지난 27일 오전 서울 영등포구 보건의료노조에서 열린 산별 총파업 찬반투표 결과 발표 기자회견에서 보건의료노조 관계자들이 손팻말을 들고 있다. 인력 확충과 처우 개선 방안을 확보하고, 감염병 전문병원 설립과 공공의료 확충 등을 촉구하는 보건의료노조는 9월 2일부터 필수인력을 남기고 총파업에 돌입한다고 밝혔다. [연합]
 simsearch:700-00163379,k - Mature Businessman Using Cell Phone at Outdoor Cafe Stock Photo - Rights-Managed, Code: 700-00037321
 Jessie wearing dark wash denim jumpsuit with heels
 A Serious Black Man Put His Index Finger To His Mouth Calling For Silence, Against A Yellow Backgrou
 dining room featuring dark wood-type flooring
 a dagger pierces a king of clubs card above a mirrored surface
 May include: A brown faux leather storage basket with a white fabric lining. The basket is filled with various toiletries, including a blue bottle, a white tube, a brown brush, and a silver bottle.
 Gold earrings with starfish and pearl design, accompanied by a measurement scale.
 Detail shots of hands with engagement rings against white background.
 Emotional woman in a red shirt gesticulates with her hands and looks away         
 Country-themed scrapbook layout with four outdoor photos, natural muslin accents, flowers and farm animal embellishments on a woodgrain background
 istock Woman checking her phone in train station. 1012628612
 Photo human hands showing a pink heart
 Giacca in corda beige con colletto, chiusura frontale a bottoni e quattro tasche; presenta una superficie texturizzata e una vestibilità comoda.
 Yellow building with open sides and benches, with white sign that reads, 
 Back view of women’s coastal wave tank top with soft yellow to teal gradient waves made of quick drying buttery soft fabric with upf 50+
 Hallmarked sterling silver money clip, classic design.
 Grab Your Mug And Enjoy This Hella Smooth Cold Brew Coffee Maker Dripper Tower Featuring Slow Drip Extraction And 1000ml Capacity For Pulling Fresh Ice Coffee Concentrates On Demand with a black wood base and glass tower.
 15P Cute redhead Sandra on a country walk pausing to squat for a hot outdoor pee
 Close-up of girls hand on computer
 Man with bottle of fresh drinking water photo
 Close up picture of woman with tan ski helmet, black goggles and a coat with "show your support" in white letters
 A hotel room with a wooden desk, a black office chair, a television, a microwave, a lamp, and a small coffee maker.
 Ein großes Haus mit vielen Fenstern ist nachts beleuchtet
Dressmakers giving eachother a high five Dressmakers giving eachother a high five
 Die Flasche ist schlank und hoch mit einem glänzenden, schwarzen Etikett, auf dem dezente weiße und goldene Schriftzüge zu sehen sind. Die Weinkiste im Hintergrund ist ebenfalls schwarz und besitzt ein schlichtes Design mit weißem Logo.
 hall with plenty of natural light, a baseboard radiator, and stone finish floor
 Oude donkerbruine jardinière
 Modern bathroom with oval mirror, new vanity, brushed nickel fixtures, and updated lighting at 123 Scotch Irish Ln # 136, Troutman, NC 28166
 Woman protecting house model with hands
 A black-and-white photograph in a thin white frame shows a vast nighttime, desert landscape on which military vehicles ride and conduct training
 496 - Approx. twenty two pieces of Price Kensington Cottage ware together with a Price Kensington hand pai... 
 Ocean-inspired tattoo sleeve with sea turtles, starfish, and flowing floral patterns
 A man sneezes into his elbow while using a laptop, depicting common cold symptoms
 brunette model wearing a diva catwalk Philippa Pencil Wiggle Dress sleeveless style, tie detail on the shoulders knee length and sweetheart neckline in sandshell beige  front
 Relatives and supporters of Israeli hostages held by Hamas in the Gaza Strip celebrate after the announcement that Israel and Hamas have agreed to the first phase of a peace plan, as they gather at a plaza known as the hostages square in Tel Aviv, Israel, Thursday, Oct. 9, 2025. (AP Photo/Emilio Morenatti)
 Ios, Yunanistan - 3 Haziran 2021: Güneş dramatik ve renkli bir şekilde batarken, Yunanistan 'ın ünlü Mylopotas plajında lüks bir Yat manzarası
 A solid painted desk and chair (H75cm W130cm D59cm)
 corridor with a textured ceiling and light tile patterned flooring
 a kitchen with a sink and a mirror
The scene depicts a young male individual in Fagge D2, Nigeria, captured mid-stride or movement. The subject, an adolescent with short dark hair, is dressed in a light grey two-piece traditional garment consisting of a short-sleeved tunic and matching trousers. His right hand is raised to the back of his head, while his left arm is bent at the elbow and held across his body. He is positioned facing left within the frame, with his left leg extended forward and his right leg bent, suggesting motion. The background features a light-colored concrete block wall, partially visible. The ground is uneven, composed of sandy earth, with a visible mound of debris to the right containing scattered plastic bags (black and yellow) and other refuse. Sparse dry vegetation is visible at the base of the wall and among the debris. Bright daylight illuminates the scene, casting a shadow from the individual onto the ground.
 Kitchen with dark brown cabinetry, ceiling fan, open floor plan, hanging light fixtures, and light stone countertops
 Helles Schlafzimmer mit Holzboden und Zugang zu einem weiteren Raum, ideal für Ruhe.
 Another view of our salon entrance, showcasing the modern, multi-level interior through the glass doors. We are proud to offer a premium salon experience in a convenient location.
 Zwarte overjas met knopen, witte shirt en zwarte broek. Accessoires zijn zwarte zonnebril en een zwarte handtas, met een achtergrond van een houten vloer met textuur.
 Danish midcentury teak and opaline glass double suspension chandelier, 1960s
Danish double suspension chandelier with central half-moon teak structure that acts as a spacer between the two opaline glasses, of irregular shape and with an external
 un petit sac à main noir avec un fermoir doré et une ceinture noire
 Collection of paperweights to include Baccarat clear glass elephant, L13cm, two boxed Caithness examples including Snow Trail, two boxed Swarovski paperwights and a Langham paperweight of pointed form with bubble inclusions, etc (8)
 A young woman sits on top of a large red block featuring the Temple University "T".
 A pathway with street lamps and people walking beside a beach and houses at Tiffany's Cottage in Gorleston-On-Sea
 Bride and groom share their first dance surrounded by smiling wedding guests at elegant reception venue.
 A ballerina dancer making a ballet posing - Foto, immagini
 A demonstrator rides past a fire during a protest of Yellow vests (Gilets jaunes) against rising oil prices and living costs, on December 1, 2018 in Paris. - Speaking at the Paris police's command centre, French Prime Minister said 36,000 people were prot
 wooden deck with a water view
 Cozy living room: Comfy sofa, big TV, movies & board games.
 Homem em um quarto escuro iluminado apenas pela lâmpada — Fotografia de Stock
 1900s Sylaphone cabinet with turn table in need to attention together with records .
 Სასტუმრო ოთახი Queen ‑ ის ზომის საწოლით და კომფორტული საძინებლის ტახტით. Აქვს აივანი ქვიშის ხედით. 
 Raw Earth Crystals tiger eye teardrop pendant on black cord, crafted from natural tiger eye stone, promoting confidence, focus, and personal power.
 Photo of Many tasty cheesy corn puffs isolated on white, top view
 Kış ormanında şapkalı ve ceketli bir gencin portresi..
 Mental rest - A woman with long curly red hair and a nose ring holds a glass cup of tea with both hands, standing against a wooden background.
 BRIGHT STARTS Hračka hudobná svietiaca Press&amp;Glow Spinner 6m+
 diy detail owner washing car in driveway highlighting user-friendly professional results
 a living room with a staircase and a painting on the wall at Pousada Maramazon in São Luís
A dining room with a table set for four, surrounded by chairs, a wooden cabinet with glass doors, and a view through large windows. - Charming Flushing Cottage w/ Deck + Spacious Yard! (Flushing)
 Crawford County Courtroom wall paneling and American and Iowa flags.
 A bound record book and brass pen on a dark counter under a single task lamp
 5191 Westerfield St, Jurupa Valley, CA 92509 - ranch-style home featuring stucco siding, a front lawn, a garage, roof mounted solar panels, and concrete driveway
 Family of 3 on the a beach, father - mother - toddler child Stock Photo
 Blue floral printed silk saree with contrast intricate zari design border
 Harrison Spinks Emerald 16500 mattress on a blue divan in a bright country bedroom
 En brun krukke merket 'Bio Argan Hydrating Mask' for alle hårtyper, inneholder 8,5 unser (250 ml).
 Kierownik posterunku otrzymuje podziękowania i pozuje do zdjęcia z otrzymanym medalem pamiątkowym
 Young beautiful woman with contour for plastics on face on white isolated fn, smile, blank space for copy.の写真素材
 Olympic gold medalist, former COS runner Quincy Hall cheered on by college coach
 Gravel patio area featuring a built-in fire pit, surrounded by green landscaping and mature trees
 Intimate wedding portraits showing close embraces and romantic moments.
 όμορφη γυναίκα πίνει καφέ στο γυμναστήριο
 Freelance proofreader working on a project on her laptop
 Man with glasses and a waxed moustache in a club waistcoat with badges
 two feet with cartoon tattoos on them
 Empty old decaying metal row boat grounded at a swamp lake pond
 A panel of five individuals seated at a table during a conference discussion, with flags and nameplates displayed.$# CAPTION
________________
— The task —
This exercise requires the lines of the entries containing the string "beach".

— Solution for this exercise —
 A pathway with street lamps and people walking beside a beach and houses at Tiffany's Cottage in Gorleston-On-Sea
 Family of 3 on the a beach, father - mother - toddler child Stock Photo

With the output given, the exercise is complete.